● **Exercise prompt**: The lines to reproduce run from the first one below to the line containing "Chanel Wallet on Chain（WOC）", both included. Reproduce them exactly and nothing else.

● **Extracted records**:
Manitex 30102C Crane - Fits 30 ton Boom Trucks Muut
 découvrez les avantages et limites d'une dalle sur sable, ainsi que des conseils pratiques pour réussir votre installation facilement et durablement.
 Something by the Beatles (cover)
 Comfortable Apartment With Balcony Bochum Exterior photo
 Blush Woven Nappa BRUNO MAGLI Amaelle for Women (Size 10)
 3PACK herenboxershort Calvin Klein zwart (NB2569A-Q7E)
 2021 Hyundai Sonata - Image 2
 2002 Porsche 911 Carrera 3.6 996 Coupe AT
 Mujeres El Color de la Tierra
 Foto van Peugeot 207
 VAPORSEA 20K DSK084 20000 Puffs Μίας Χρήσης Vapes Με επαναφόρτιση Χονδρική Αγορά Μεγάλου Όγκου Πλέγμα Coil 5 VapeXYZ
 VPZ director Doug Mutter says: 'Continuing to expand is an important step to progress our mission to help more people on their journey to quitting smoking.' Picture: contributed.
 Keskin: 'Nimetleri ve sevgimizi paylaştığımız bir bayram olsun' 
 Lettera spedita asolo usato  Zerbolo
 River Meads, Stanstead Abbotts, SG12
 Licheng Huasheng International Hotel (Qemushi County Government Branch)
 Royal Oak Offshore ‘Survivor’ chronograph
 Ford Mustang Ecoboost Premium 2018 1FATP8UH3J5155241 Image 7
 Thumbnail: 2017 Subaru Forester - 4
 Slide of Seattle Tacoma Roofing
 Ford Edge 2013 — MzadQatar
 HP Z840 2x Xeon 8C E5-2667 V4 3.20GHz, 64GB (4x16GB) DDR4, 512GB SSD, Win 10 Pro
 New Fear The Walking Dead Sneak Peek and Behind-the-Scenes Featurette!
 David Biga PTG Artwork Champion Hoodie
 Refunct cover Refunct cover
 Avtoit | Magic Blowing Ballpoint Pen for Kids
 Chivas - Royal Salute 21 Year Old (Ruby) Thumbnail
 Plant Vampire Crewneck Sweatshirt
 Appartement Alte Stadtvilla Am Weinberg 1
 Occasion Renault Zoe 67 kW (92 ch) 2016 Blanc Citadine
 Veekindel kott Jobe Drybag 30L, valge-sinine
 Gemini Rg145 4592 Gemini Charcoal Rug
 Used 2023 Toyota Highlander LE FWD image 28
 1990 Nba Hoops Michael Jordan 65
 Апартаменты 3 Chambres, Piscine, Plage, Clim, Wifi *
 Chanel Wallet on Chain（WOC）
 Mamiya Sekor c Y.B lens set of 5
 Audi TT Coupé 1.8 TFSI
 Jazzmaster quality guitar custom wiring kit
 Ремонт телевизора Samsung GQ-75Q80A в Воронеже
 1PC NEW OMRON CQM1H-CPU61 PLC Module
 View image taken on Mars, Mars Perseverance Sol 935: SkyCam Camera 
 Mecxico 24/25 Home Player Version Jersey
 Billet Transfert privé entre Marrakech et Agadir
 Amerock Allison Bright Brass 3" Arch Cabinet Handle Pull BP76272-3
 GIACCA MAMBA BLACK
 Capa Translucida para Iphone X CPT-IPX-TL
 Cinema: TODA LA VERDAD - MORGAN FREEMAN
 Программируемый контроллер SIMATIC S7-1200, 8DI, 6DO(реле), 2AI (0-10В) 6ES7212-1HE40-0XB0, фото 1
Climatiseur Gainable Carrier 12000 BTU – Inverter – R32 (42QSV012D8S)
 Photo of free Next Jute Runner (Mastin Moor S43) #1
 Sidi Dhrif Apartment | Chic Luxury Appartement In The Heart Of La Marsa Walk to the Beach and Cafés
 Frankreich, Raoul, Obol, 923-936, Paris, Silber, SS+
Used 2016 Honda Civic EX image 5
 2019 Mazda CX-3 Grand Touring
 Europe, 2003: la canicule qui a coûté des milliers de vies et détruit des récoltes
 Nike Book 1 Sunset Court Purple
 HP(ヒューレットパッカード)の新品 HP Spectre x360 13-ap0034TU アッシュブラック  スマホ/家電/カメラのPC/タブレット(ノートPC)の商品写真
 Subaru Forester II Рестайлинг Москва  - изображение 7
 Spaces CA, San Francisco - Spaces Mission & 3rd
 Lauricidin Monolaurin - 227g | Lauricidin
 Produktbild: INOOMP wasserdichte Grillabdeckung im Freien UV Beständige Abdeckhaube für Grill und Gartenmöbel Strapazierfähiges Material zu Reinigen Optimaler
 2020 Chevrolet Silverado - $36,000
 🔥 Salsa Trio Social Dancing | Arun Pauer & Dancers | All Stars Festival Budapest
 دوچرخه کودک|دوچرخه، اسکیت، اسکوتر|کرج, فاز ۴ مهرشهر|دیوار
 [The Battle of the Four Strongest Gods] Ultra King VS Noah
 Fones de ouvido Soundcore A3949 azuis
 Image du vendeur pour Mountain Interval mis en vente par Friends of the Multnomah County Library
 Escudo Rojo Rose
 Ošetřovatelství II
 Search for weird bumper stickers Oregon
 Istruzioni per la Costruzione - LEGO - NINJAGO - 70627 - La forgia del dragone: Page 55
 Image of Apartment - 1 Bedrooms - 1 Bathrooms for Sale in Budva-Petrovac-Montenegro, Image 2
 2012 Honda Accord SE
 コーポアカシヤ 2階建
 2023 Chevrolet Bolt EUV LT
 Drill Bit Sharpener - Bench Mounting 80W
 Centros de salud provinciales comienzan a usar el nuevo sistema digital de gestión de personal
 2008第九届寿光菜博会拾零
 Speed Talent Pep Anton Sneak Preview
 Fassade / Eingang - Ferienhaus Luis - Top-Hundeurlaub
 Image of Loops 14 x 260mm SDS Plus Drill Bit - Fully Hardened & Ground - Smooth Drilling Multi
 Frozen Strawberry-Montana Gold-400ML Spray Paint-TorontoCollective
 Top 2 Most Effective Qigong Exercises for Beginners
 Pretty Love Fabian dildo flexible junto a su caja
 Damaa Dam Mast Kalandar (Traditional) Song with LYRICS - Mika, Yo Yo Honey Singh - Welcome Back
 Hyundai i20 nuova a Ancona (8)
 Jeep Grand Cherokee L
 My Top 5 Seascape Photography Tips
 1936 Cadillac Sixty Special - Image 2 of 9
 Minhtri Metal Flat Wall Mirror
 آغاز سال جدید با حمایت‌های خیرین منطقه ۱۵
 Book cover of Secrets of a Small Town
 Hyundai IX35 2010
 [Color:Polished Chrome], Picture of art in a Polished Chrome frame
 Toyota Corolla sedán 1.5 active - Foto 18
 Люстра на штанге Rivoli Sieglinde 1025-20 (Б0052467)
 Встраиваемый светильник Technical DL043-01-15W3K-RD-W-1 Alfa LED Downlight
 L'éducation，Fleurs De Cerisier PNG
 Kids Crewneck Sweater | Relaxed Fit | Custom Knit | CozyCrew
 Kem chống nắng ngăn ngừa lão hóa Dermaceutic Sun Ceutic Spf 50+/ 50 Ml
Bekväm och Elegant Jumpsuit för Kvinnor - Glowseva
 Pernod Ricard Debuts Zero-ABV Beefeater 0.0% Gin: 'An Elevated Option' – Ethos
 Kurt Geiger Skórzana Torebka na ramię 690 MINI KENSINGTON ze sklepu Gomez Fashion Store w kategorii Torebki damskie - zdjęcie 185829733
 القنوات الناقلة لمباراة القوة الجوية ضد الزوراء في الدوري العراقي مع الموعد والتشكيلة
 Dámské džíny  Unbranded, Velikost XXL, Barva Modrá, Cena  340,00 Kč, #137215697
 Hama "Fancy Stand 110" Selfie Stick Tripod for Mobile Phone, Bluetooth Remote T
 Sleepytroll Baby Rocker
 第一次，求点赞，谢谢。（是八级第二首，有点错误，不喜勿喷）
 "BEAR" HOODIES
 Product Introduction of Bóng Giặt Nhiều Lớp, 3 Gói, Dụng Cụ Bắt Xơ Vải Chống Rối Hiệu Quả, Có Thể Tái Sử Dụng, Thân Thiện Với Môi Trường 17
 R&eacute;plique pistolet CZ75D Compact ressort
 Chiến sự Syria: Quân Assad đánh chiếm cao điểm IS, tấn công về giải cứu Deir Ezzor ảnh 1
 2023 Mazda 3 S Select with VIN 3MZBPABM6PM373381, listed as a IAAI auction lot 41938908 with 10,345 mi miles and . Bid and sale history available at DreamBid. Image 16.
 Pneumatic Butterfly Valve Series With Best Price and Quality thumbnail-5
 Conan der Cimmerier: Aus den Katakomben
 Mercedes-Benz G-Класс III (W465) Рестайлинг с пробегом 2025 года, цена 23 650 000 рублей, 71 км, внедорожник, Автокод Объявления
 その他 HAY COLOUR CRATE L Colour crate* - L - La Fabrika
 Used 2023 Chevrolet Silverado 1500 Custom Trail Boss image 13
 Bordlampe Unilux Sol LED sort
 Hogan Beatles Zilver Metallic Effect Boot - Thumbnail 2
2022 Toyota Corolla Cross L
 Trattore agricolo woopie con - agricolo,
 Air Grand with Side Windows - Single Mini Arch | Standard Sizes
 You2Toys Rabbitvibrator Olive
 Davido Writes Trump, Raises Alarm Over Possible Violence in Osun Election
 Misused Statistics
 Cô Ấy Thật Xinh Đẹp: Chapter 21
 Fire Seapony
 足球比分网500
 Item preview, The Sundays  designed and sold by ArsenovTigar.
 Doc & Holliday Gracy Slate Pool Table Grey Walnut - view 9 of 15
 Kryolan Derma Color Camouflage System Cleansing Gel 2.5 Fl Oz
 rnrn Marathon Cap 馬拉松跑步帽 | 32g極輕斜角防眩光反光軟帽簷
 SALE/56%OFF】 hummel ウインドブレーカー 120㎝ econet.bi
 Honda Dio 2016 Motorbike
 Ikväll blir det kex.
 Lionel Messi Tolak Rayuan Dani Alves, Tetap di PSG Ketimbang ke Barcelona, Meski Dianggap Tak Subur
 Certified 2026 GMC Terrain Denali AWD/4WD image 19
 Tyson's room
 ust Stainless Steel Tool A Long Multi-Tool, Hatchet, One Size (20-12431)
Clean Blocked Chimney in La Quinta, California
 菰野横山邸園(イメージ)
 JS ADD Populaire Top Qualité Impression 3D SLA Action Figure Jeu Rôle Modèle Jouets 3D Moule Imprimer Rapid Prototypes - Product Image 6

● **Solution to this problem**:
Manitex 30102C Crane - Fits 30 ton Boom Trucks Muut
 découvrez les avantages et limites d'une dalle sur sable, ainsi que des conseils pratiques pour réussir votre installation facilement et durablement.
 Something by the Beatles (cover)
 Comfortable Apartment With Balcony Bochum Exterior photo
 Blush Woven Nappa BRUNO MAGLI Amaelle for Women (Size 10)
 3PACK herenboxershort Calvin Klein zwart (NB2569A-Q7E)
 2021 Hyundai Sonata - Image 2
 2002 Porsche 911 Carrera 3.6 996 Coupe AT
 Mujeres El Color de la Tierra
 Foto van Peugeot 207
 VAPORSEA 20K DSK084 20000 Puffs Μίας Χρήσης Vapes Με επαναφόρτιση Χονδρική Αγορά Μεγάλου Όγκου Πλέγμα Coil 5 VapeXYZ
 VPZ director Doug Mutter says: 'Continuing to expand is an important step to progress our mission to help more people on their journey to quitting smoking.' Picture: contributed.
 Keskin: 'Nimetleri ve sevgimizi paylaştığımız bir bayram olsun' 
 Lettera spedita asolo usato  Zerbolo
 River Meads, Stanstead Abbotts, SG12
 Licheng Huasheng International Hotel (Qemushi County Government Branch)
 Royal Oak Offshore ‘Survivor’ chronograph
 Ford Mustang Ecoboost Premium 2018 1FATP8UH3J5155241 Image 7
 Thumbnail: 2017 Subaru Forester - 4
 Slide of Seattle Tacoma Roofing
 Ford Edge 2013 — MzadQatar
 HP Z840 2x Xeon 8C E5-2667 V4 3.20GHz, 64GB (4x16GB) DDR4, 512GB SSD, Win 10 Pro
 New Fear The Walking Dead Sneak Peek and Behind-the-Scenes Featurette!
 David Biga PTG Artwork Champion Hoodie
 Refunct cover Refunct cover
 Avtoit | Magic Blowing Ballpoint Pen for Kids
 Chivas - Royal Salute 21 Year Old (Ruby) Thumbnail
 Plant Vampire Crewneck Sweatshirt
 Appartement Alte Stadtvilla Am Weinberg 1
 Occasion Renault Zoe 67 kW (92 ch) 2016 Blanc Citadine
 Veekindel kott Jobe Drybag 30L, valge-sinine
 Gemini Rg145 4592 Gemini Charcoal Rug
 Used 2023 Toyota Highlander LE FWD image 28
 1990 Nba Hoops Michael Jordan 65
 Апартаменты 3 Chambres, Piscine, Plage, Clim, Wifi *
 Chanel Wallet on Chain（WOC）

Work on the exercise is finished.